Nos corps enchaînés, oui, mais aussi déchaînés, impétueux, vous le voyez bien ! Il a suffi d’une étincelle, peu importe qu’elle fut spontanée ou manœuvre au tout début, une étincelle est une étincelle ! Ce feu ranimé, si fragile et si puissant à la fois, qui vous menace autant qu’il nous menace. Nous n’avons nul autre choix que de l’entretenir, le nourrir, qu’il devienne brasier ; oui, au risque de… et tant pis s’il est effectivement impossible de projeter une révolution politique sans vouloir la prise du pouvoir. Nous n’avons aucune idée de ce que nous réserve l’avenir, mais nous savons ce qu’il en est de plus d’une funeste expérience passée.

Il n’empêche.

Oui, ici et maintenant, alors même qu’un ami, camarade d’avant, vient de se tirer une balle dans le cœur.
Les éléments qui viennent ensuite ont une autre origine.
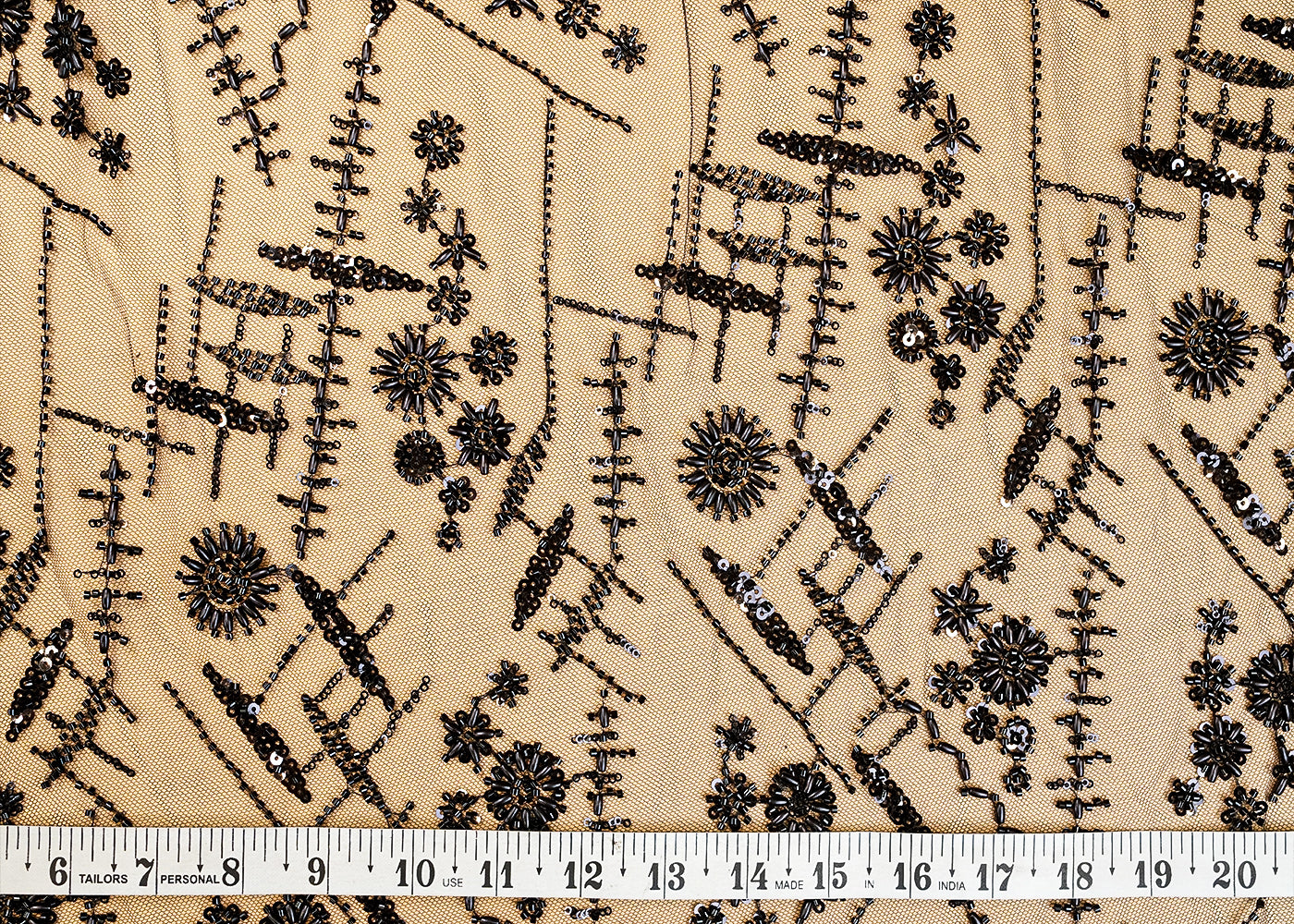 Black Imported Net Fabric with All Over Katdana, Bead, and Sequins Work 10163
Exactement le même geste que celui d’un autre camarade il y a un peu plus de deux ans. Frères d’armes, de larmes, de boue et de sang, tombant l’un après l’autre, bien des années après l’abandon de la lutte armée, rattrapés par la grande faucheuse, non pas celle de l’ennemi (il les a abandonnés lui aussi), mais celle infligée à soi-même. Ce foutu cœur. Deux fois la terre fut retournée, quasi clandestinement puisque corps apatrides, sans plus d’ennemis donc, sans plus d’amis, ou presque. Palestiniens crevant en silence, malgré la détonation d’une arme, plus que jamais réduits à cette grande figure purement symbolique. À l’instar de plus d’une population et espèce disparues dans les limbes de l’imparable Histoire des hommes.
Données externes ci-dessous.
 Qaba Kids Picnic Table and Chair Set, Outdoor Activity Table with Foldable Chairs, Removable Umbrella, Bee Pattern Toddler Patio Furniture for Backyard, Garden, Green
Aujourd’hui qu’une lune presque pleine vient narquoisement éclairer ces murs que vous n’avez de cesse de dresser et de redresser, contre lesquels nous nous jetons encore et encore.

Oui, à corps perdu.

Bernard Noël ouvrait ainsi Ce jardin d’encre :

et maintenant c’est encore maintenant bien que tout glisse
bien que tout s’en aille en laissant sur la peau une traînée
on ne sait ni pourquoi ni en quoi cette chose passante
la gorge est lasse de brasser l’air pour faire un mot
une chose fourmille nocturne et sombre peut-être la fatigue
il faut que le monde vieillisse encore et se délie de sa limite
comme le corps trouve tout seul l’infini dans le sommeil
alors il ne sait pas qu’un songe a remplacé la vie
et que tout fait silence pour fêter ce remplacement
quelque chose remue pourtant dans l’arrière-pays de tête
est-ce une ombre qui vient une ombre qui s’en va
ou simplement le monde enfin réduit à sa fumée
le vent cherche une âme il croit la trouver sous la porte
en expédiant son souffle dans le noir mais qui est là
dans le couloir où la poussière a recueilli des traces
et maintenant il faut lever le poing et battre la mémoire
comme un tapis qui doit brutalement restituer l’image

[1L’accord de Taëf est un traité interlibanais, signé le 22 octobre 1989, supposé mettre fin à la guerre civile libanaise qui dure depuis 1975. Une tentative de restauration de la paix par un cessez-le-feu et par la « réconciliation nationale ».

[2Sur le haut perchoir de ladite assemblée nationale depuis 1993

[3Pacte non écrit qui répartit entre les différentes communautés confessionnelles toutes les fonctions du pouvoir, y compris dans les administrations

Ghassan Salhab Ghassan Salhab est cinéaste. Depuis Beyrouth, il nous informe sur la situation du Liban et au-delà.